Thursday, 29 October 2009

Flora

I'm in the mood for a walk through a cemetery, and it's not the time of year. It's the easy quiet and solitude I'm after or at least what I imagine I'll find here. The outside still creeps in over the crumbling walls. There are children here too with their little scooter bikes and some people appear to use it as a short-cut from the tram stop.

Why I'm in this mood I cant' say exactly. I've just felt a sudden need for the sort of sobriety found here. Those that know me can make a pun on that as they wish. Maybe, all I needed was somewhere to let the well-spring of random thoughts surge and flow out. Lately, whatever I've written has been purpose driven. Being in an old cemetery is a pleasure for its aimlessness - and there are fewer people here than in a park.
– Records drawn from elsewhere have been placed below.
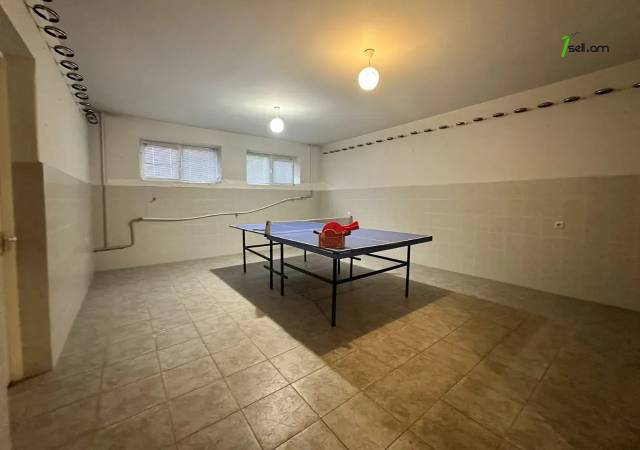 Երկու հարկանի քարե տուն Դավիթ Բեկի փողոցում Էրեբունիում, 250 քմ, 3+ սանհանգույց, եվրովերանորոգված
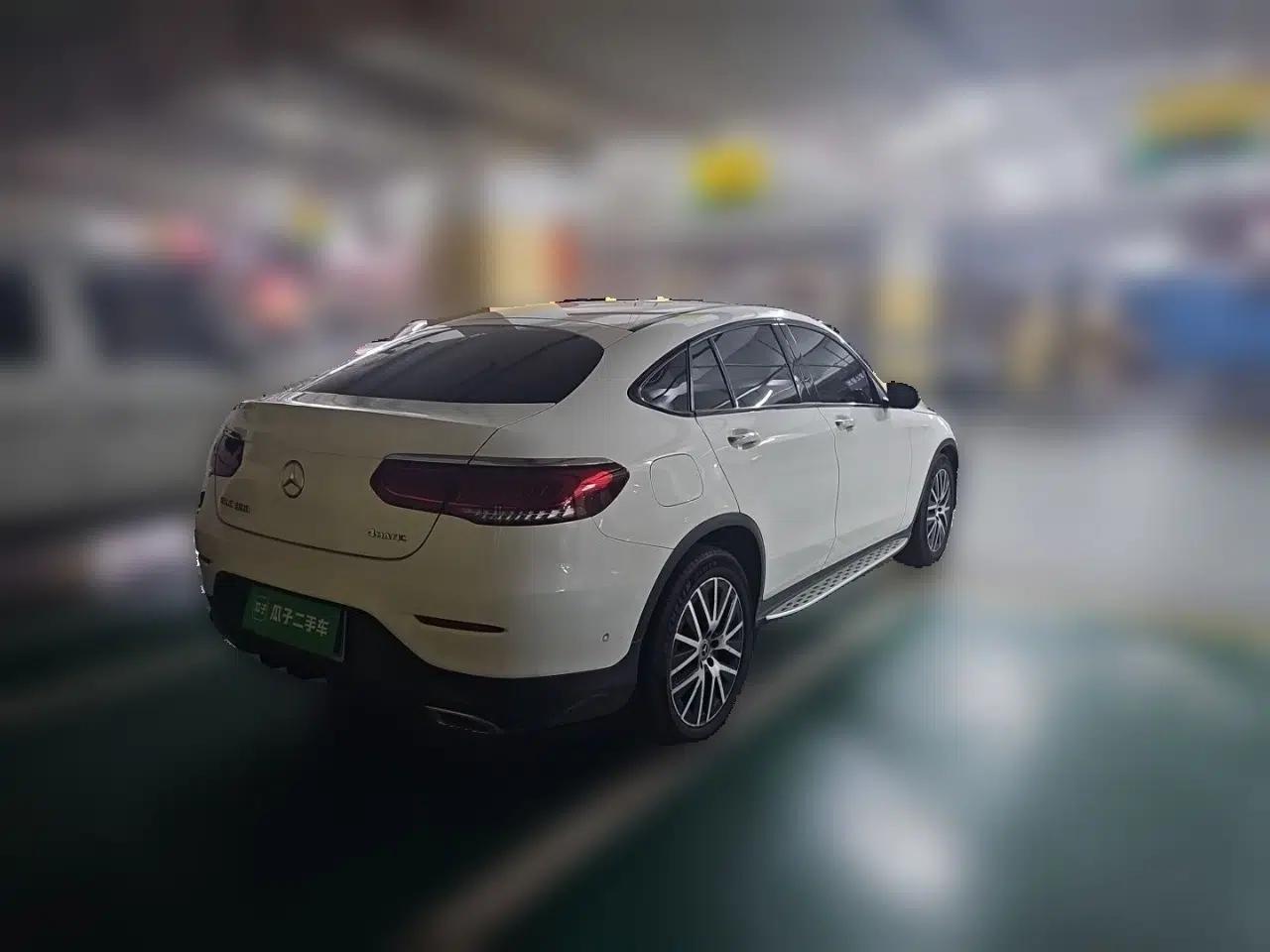 Mercedes-Benz GLC Coupe 2020 GLC 300 4MATIC Coupe SUV — миниатюра 6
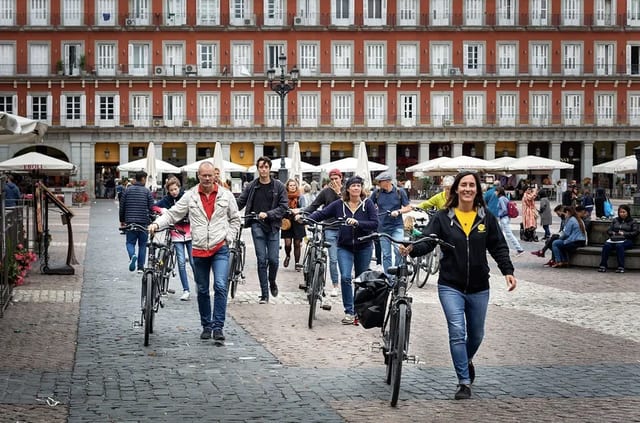 Tapas and Markets Bike and E-Bike Tour, Madrid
Czech graveyards bear the marks of the country's changed history. Angels weighed down with cement wings and forlorn Christs with moss coloured robes populate the front section. Further in I find a gravestone in Russian and another in German. Unfortunately, I can't get to visit the Jewish section. A road blocks my access as it when I was in Želivského.

The newer stones are as austere as the older ones are extravagant. Slabs of black marble with only names and dates. A few of them have photos or engravings of the deceased. These engravings are eerie. Grey and translucent, it was as if the family wanted to be haunted. And the images immortalize more than the memory. Double chins, eighties perms, caterpillar mustaches commemorate the dead. But to be loved is to be imperfect. Only idols are flawless.

The blank slabs are an invitation to my imagination. What would I want as my epitaph? To be honest, I'm too distracted by the names to think of anything remotely witty or appropriate. Czech surnames are far more descriptive and imaginative than English ones. Among the gravestones I find a Mr Blackbird (Kos), a Mr Hedgehog (Ježek) a family of hooks (Hák), someone who is black (Černý)and another who is quiet (Tichý). The most interesting was the man whose name means "was having breakfast" (Snídal).

The use of the masculine past tense as a surname is not uncommon. Bohumil Hrabal's surname means "raked" or "was raking" depending on context. Perhaps, his ancestor was a gardener, though I'm not sure why eating breakfast warrants a family name.

As I leave, I notice someone taking photos. On the exterior of the cemetery wall was some stencil art, which I'd like to share with you:


1 comment:

Vanessa said...

The names are one of the best things about graveyards, it's like walking through a name-collectors book (I like the idea of name collectors, do they still exist?) come to, well, not exactly to life, but some kind of form.